Kenninji Temple: The Roots of Zen in Japan

Kenninji Temple, the Roots of Zen in Japan, Oxherd Playing a Flute by Nagasawa Tosetsu, Edo period, 18th century, Kyushoin, Kyoto

RATHER-LESS VISTED by foreign tourists than other major sites, Kenninji Temple is well-known for being the oldest Zen temple in Kyoto, even though it has been much re-built from time to time throughout its history. The temple was founded in 1202 by Priest Myoan k osai who is famous not only for having brought the practice of Rinzai Zen to Japan, but also for introducing the custom of drinking green tea and the cultivation of tea plants.

Zen and Tea

Both Zen and tea became deeply ingrained throughout the country and inform much of what we perceive in almost all aspects of Japanese culture today. Next year marks the 800th memorial of the death of Yosai (circa 1141-1215) and this Spring the Tokyo National Museum is holding a special exhibition to show treasures of Kenninji and its associated temples, in commemoration of his achievements.

Rinzai Zen

One of three main schools of Zen practice in Japan (along with the Soto and Obaku sects), Rinzai Zen is known for its tough, and sometimes violent encouragement for those seeking enlightenment. Whereas all three sects practise meditation extensively, Rinzai practitioners espouse the idea that something extra – a well-timed kick, or a sharp whack with a bamboo stick for example – can jolt the mind from a meditative daydream to sudden enlightenment.

Koan Riddles

The sect is also well-known for its koan riddles – eg  ‘what is the sound of one hand clapping?’ that while impossible to solve rationally, are calculated to force the mind into a change of gear necessary to reach something of a higher, more intuitive level. To an already enlightened master, the answers given to these koan by a struggling Zen practitioner will reveal how far advanced he is on his chosen path.

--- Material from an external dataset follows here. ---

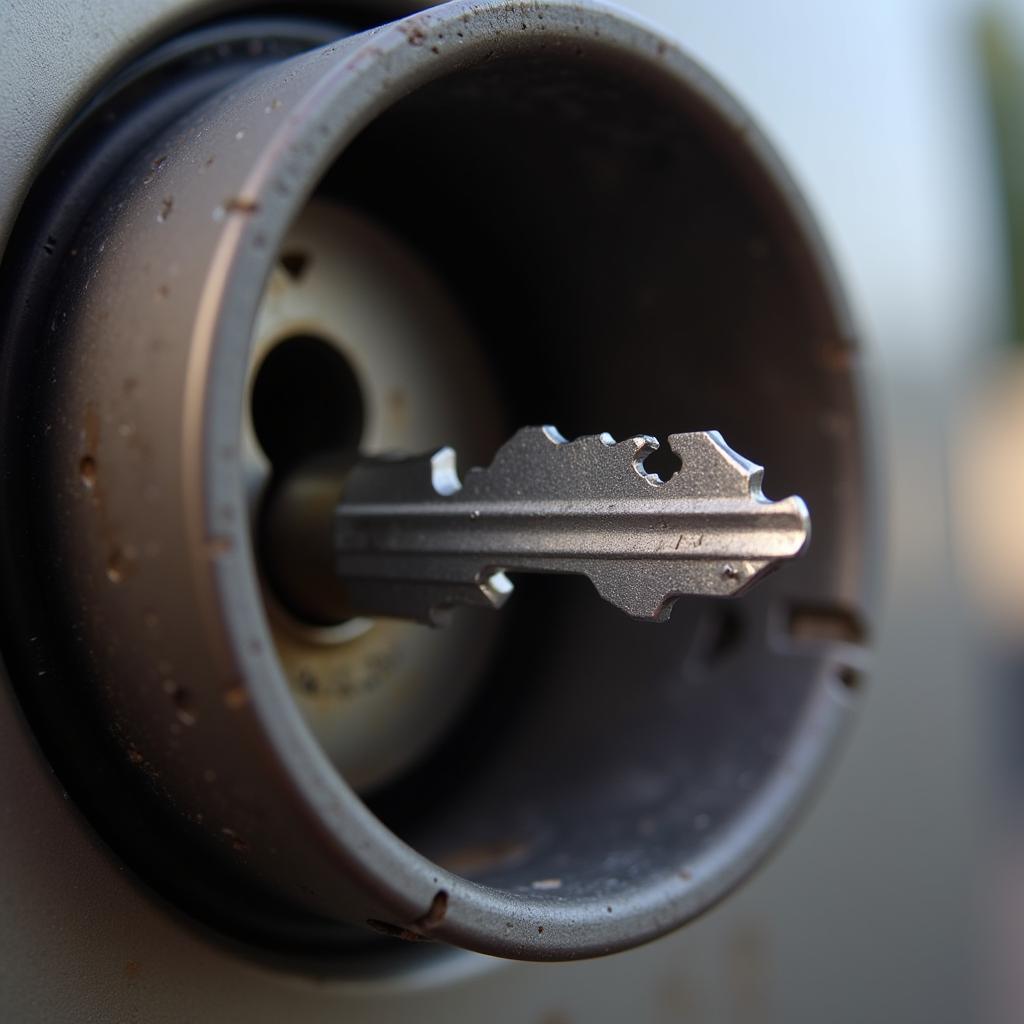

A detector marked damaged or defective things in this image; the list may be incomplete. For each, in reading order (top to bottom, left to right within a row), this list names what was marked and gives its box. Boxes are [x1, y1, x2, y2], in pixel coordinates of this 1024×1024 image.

With freezing monasteries, strict discipline and hard work, the rigours of Rinzai Zen appealed to the Japanese samurai warriors who shared similar ideals, and its practice quickly spread throughout the military élite. Emphasising intuition and insight over rational thought, Rinzai Zen had a powerful influence on swordsmanship in which there was no time to think and instant action determined life or death.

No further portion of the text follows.